A) ne «décrivent», ne «rapportent», ne constatent absolument rien, ne sont pas « vraies ou fausses » ; et sont telles que

B) l’énonciation de la phrase est l’exécution d’une action (ou une partie de cette exécution) qu’on ne saurait, répétons-le, décrire tout bonnement comme étant l’acte de dire quelque chose.

Ceci est loin d’être aussi paradoxal qu’il semble, ou que j’ai essayé – un peu trop sommairement – de le faire paraître: on sera déçu, en effet, par les exemples que nous allons maintenant donner.

Exemples:

(E. a) «Oui [je le veux] (c’est-à-dire je prends cette femme comme épouse légitime) » – ce « oui » étant prononcé au cours de la cérémonie du mariage.

(E. b) «Je baptise ce bateau le Queen Elizabeth» – comme on dit lorsqu’on brise une bouteille contre la coque.

(E. c) « Je donne et lègue ma montre à mon frère » – comme on peut lire dans un testament.

(E. d) «Je vous parie six pence qu’il pleuvra demain».

Pour ces exemples, il semble clair qu’énoncer la phrase (dans les circonstances appro¬priées, évidemment), ce n’est ni décrire ce qu’il faut bien reconnaître que je suis en train de faire en parlant ainsi, ni affirmer que je le fais: c’est le faire. Aucune des énon¬ciations citées n’est vraie ou fausse: j’affirme la chose comme allant de soi et ne la discute pas. On n’a pas plus besoin de démontrer cette assertion qu’il n’y a à prouver que «Damnation! » n’est ni vrai ni faux: il se peut que l’énonciation «serve à mettre au courant» – mais c’est là tout autre chose. Baptiser un bateau, c’est dire (dans les circonstances appropriées) les mots «Je baptise…» etc. Quand je dis, à la mairie ou à l’autel, etc., « Oui [je le veux] », je ne fais pas le reportage d’un mariage: je me marie. Quel nom donner à une phrase ou à une énonciation de ce type? Je propose de l’appeler une phrase performative ou une énonciation performative ou – par souci de brièveté – un «performatif»: Le terme «performatif» sera utilisé dans une grande variété de cas et de constructions (tous apparentés), à peu près comme l’est le terme «impératif». Ce nom dérive, bien sûr, du verbe [anglais] perform, verbe qu’on emploie d’ordinaire avec le substantif « action » : il indique que produire l’énonciation est exécuter une action (on ne considère pas, habituellement, cette production-là comme ne faisant que dire quelque chose). »

AUSTIN, Quand dire, c’est faire , 1ère conférence, trad.
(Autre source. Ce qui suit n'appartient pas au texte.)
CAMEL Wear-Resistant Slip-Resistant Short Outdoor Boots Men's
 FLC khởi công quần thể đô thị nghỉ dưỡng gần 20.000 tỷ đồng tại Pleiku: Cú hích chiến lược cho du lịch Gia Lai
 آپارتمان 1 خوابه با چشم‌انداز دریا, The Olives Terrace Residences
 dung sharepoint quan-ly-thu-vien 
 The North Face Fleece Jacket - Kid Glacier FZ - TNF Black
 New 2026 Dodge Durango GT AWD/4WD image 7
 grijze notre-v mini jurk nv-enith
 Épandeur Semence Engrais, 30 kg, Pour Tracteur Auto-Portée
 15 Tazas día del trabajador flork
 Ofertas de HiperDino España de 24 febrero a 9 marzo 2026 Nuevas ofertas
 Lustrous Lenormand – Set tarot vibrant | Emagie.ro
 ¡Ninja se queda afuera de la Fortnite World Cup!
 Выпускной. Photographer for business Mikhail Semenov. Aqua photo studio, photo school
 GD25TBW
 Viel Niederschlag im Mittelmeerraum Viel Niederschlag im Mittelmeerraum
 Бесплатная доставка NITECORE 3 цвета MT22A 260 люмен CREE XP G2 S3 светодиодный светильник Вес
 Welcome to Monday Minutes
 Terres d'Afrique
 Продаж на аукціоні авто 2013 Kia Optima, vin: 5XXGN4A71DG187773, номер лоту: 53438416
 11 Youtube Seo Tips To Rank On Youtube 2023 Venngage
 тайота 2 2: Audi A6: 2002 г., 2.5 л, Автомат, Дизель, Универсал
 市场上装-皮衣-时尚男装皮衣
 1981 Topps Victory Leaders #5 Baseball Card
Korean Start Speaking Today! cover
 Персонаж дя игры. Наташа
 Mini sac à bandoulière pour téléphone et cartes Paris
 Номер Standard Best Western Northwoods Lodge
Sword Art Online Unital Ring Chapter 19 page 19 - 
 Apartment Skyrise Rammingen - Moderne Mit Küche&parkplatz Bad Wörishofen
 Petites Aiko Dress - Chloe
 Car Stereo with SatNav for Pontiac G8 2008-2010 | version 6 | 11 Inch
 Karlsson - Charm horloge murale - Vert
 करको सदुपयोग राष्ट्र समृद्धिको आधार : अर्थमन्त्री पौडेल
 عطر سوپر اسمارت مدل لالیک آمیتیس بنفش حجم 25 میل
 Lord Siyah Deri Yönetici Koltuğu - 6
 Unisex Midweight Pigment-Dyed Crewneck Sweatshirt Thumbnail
G. Laite, Le Seuil, 1970

Tous ces énoncés ont en commun de faire ce qu’ils disent. Mais de manière plus générale on peut se demander en vertu de ce qu’on a vu plus haut si tout énoncé n’est pas par essence performatif dans la mesure où il consiste à repérer des objets du monde et a en dire certaines choses qui vont donc apparaître précisément parce qu’on les aura désignées comme telles.